Do some people type that secret phrase instead of the password? Is that possible? it sounds weard to me.

That’s the problem here.

Of course, the master password should be well memorable. That’s one reason why passphrases are recommended. (like “corroding-jockey-untwist-detective” - just generated with the Bitwarden generator)

It sounds really worrysome, that it took you a long time to make it strong, characters are unpredictable and that at the same time your 16-character password is based on words. Humans are really bad at “creating randomness”. That’s not my opinion, that’s science.

As @grb wrote before, since 16 characters is too short for a 4-random-words passphrase and would only provide a length of 2 words, you cannot choose a passphrase if you want to “stay” with 16 characters - and your password then should not contain any words, but should look something like this: 4TEsQMmw#Oc$l@S8 (16 random (!) characters, generated by the Bitwarden password generator).

Well, according to what you have written about your master password, there is not much basis for that absolute certainty.
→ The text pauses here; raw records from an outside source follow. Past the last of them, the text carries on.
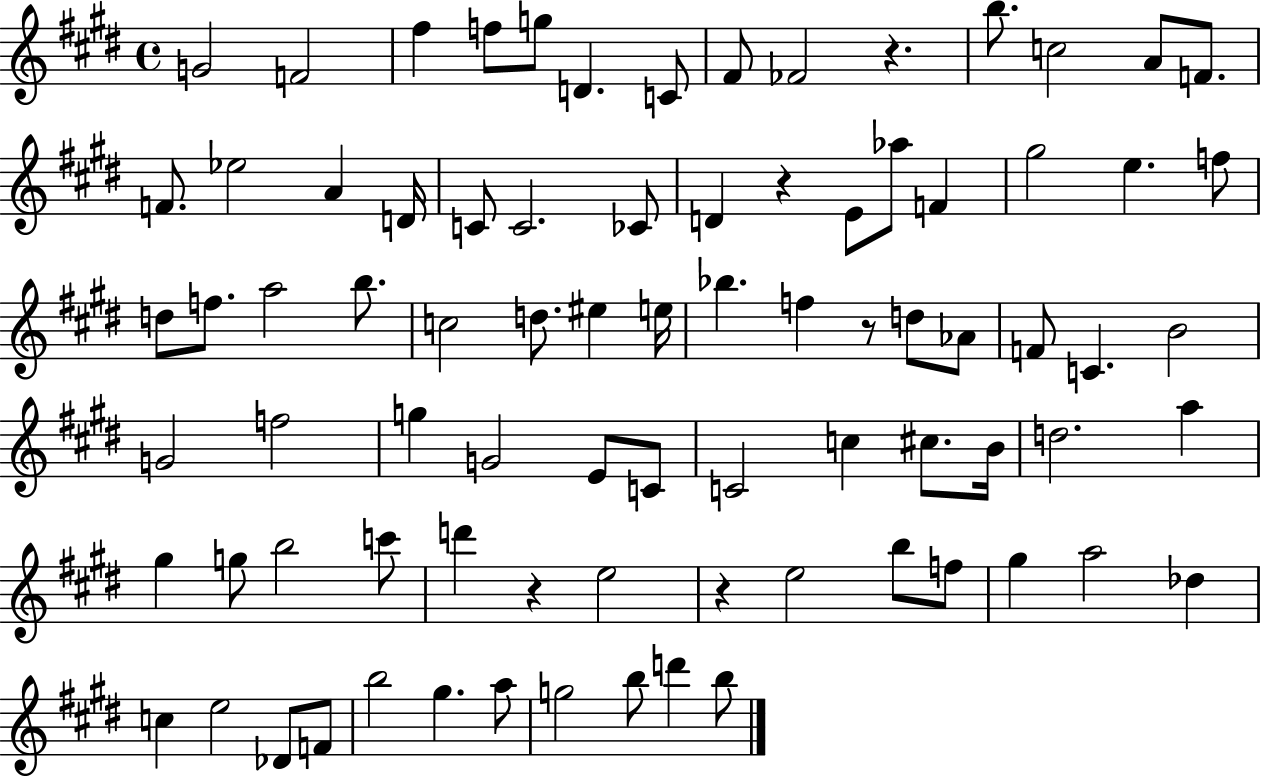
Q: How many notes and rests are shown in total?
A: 82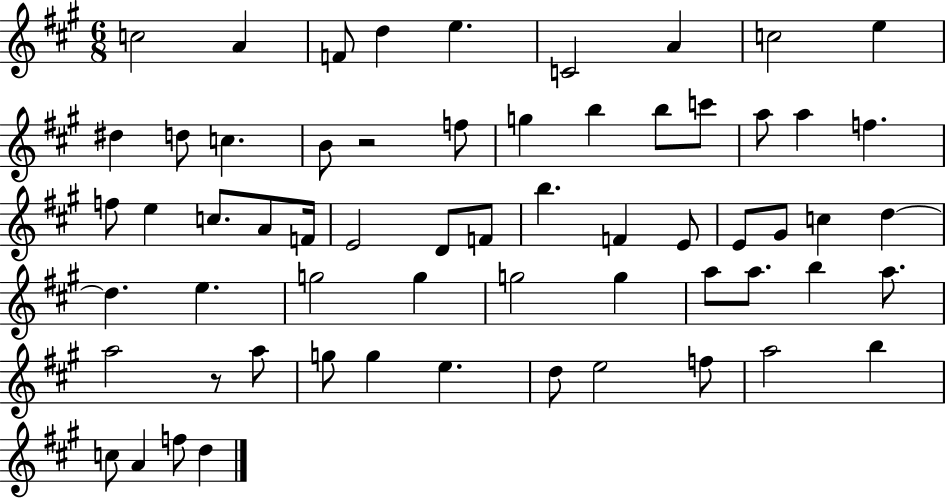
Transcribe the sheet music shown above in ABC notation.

X:1
T:Untitled
M:6/8
L:1/4
K:A
c2 A F/2 d e C2 A c2 e ^d d/2 c B/2 z2 f/2 g b b/2 c'/2 a/2 a f f/2 e c/2 A/2 F/4 E2 D/2 F/2 b F E/2 E/2 ^G/2 c d d e g2 g g2 g a/2 a/2 b a/2 a2 z/2 a/2 g/2 g e d/2 e2 f/2 a2 b c/2 A f/2 d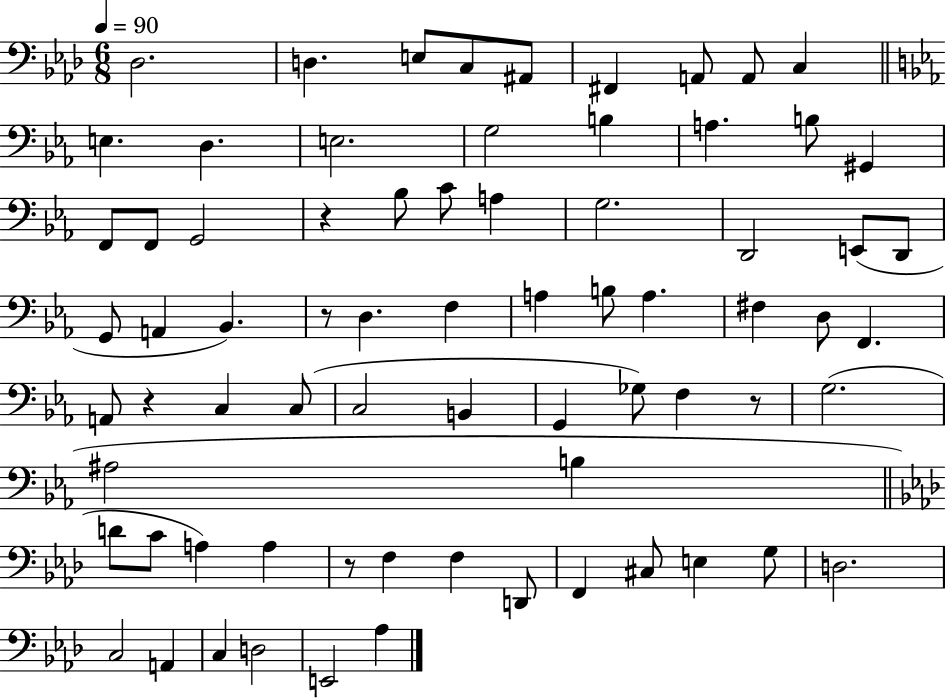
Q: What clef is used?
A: bass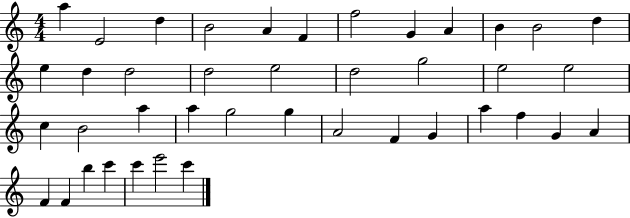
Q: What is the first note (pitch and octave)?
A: A5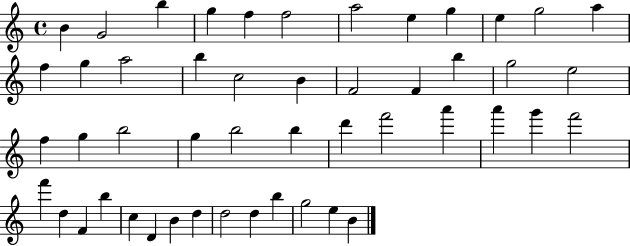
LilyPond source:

{
  \clef treble
  \time 4/4
  \defaultTimeSignature
  \key c \major
  b'4 g'2 b''4 | g''4 f''4 f''2 | a''2 e''4 g''4 | e''4 g''2 a''4 | \break f''4 g''4 a''2 | b''4 c''2 b'4 | f'2 f'4 b''4 | g''2 e''2 | \break f''4 g''4 b''2 | g''4 b''2 b''4 | d'''4 f'''2 a'''4 | a'''4 g'''4 f'''2 | \break f'''4 d''4 f'4 b''4 | c''4 d'4 b'4 d''4 | d''2 d''4 b''4 | g''2 e''4 b'4 | \break \bar "|."
}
It is way more secure than your master password-setup. (again, if we speak about an at least 4 random (!) words passphrase as a comparison)

Hi Nail.
I have a lot of years of experience with computers behind me. I have a certain background, fortunately. Of course it’s not the case for everyone.
My password looks like your example. Don t worry for me. Bitwarden didn’t generate it. I did.
BW generates all my other passwords, of course.
I thought a lot about the question and built it in order to get a good strong password.
Many people have no idea about what does it mean and I understand why you warn me.
I’m using BW for one year now, it’s an awesome tool as you know.
I tried to convince friends ans some pals to use it, without success. I stopped insisting :slight_smile:
It not possible to everybody, sadly. It’s a fact. It s a question of experience with all this.
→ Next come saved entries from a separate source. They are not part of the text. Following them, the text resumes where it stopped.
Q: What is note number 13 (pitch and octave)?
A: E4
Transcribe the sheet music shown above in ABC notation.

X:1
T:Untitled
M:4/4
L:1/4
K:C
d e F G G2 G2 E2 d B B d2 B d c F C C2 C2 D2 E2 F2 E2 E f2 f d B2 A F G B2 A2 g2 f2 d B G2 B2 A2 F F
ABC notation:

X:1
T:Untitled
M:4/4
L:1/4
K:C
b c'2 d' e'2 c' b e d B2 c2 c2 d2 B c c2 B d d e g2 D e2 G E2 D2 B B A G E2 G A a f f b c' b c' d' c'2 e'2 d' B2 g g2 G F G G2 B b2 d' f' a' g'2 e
Well, @misterp, I can see that there will be no convincing you, and of course you are an adult, so you have every right to make your own poor decisions.

Just for the record, it is an incontrovertible mathematical fact that your vault password will be easier for an attacker to crack (by brute-force guessing) than any randomly generated password of similar length. In addition, because you are using a human-created password, it is impossible for anybody (not even Bitwarden’s “password strength” tool) to determine exactly how fast an attacker would be able to guess your vault password — therefore, you will never know whether your password was crackable until it’s too late (i.e., after you find out that somebody has compromised your vault contents).

I don’t expect you to understand or agree with what I have written above; I have written it mostly for the benefit of other forum participants who may read this thread.

The only request I will make of you, is to please do not dispense security advice to other individuals! It is acceptable for you to jeopardize the security of your own vault, but it would not be ethical for you to put other people’s sensitive data at risk.

Thank you!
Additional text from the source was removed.